After reconnecting, try to run the cuda container:
docker run --gpus all nvidia/cuda:9.0-base nvidia-smi docker: Error response from daemon: OCI runtime create failed: container_linux.go:345: starting container process caused "process_linux.go:430: container init caused \"write /proc/self/attr/keycreate: permission denied\"": unknown. ERRO[0005] error waiting for container: context canceled
Resolve the Error
The error that you received is related to SELinux. To resolve it, you have two options:
- Configure SELinux
- Disable SELinux or set it to permissive mode, which is a less secure option
Configure SELinux
Run the following command:
grep runc /var/log/audit/audit.log | audit2why type=AVC msg=audit(1563909887.714:945): avc: denied { create } for pid=17499 comm="runc:[2:INIT]" scontext=system_u:system_r:container_runtime_t:s0 tcontext=system_u:object_r:unlabeled_t:s0 tclass=key permissive=0 Was caused by: Missing type enforcement (TE) allow rule.
You can use audit2allow to generate a loadable module to allow this access.
Create an SELinux policy module from the audit log messages:
sudo grep runc /var/log/audit/audit.log | audit2allow -a -M nvidia
Validate the nvidia.te file.

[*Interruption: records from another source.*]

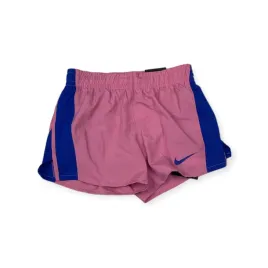 krotkie-spodenki-dziewczynka-nike-m-8-10-lat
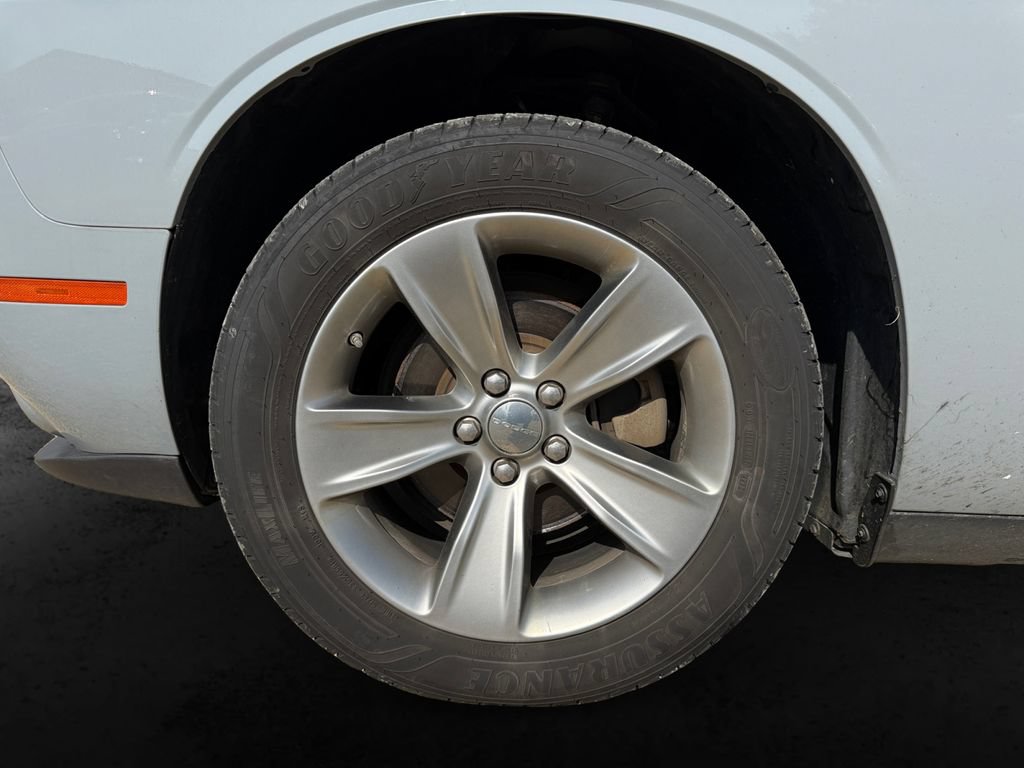 Used 2022 Dodge Challenger SXT RWD image 11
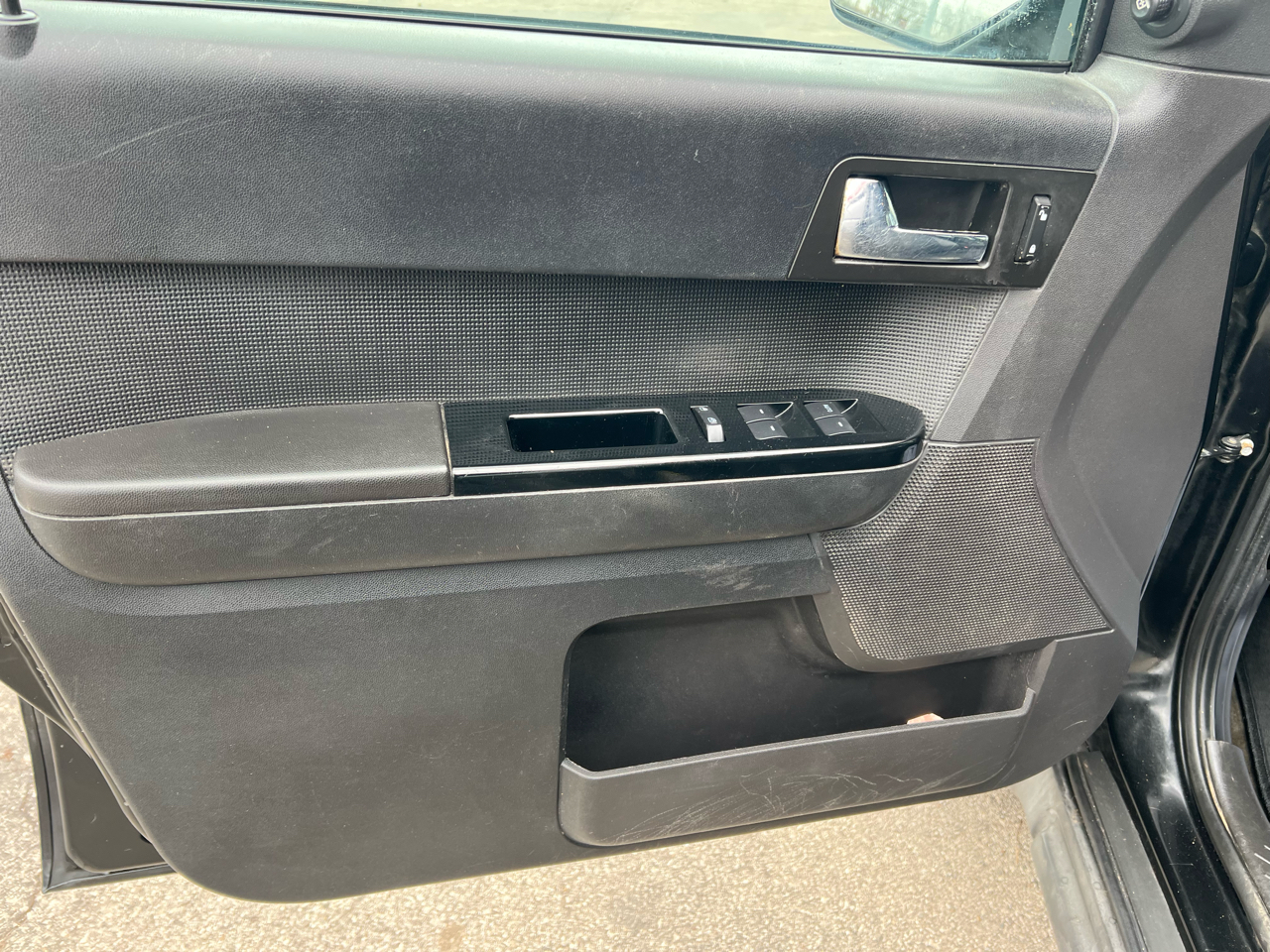 Ford Escape 4WD 4dr Limited 2011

The contents should be identical to the following:
module nvidia 1.0; require { type unlabeled_t; type container_runtime_t; class key create; } #============= container_runtime_t ============== #!!!! WARNING: 'unlabeled_t' is a base type. allow container_runtime_t unlabeled_t:key create;
Activate the policy:
sudo semodule -i nvidia.pp
Run the command again. This time, it’s successful.

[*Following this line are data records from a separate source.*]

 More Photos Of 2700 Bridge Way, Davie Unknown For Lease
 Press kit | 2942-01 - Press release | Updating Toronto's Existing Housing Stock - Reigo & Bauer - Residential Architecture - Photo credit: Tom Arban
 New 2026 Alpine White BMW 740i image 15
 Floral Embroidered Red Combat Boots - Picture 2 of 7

[opc@oracle-gpu-1 ~]$ docker run --gpus all nvidia/cuda:9.0-base nvidia-smi +-----------------------------------------------------------------------------+ | NVIDIA-SMI 418.67 Driver Version: 418.67 CUDA Version: 10.1 | |-------------------------------+----------------------+----------------------+ | GPU Name Persistence-M| Bus-Id Disp.A | Volatile Uncorr. ECC | | Fan Temp Perf Pwr:Usage/Cap| Memory-Usage | GPU-Util Compute M. | |===============================+======================+======================| | 0 Tesla V100-SXM2... Off | 00000000:00:04.0 Off | 0 | | N/A 40C P0 39W / 300W | 0MiB / 16130MiB | 0% Default | +-------------------------------+----------------------+----------------------+ | 1 Tesla V100-SXM2... Off | 00000000:00:05.0 Off | 0 | | N/A 43C P0 40W / 300W | 0MiB / 16130MiB | 4% Default | +-------------------------------+----------------------+----------------------+ +-----------------------------------------------------------------------------+ | Processes: GPU Memory | | GPU PID Type Process name Usage | |=============================================================================| | No running processes found | +-----------------------------------------------------------------------------+
Disable SELinux or Set It to Permissive Mode
This option is less secure.
Run the following command:
sudo sed -i 's/SELINUX=enforcing/SELINUX=disabled/g' /etc/selinux/config
Restart the machine:
reboot
Wrap It Up
Docker 19.03 deprecates –runtime=nvidia. Instead, a new –gpus flag has been added, and the latest nvidia-docker has already adopted this feature.
You can also use the NVIDIA GPU cloud repository to run machine learning, GPU, and visualization workloads from NGC on Oracle Linux.
Log in to the repository (you need to create an API key on https://ngc.nvidia.com):
docker login nvcr.io
docker run --gpus all nvcr.io/nvidia/cuda:9.0-cudnn7-devel-ubuntu16.04 nvidia-smi
I hope you enjoyed the tutorial! Now you can build your next containerized application in the fastest cloud and most powerful Linux distribution. Have fun!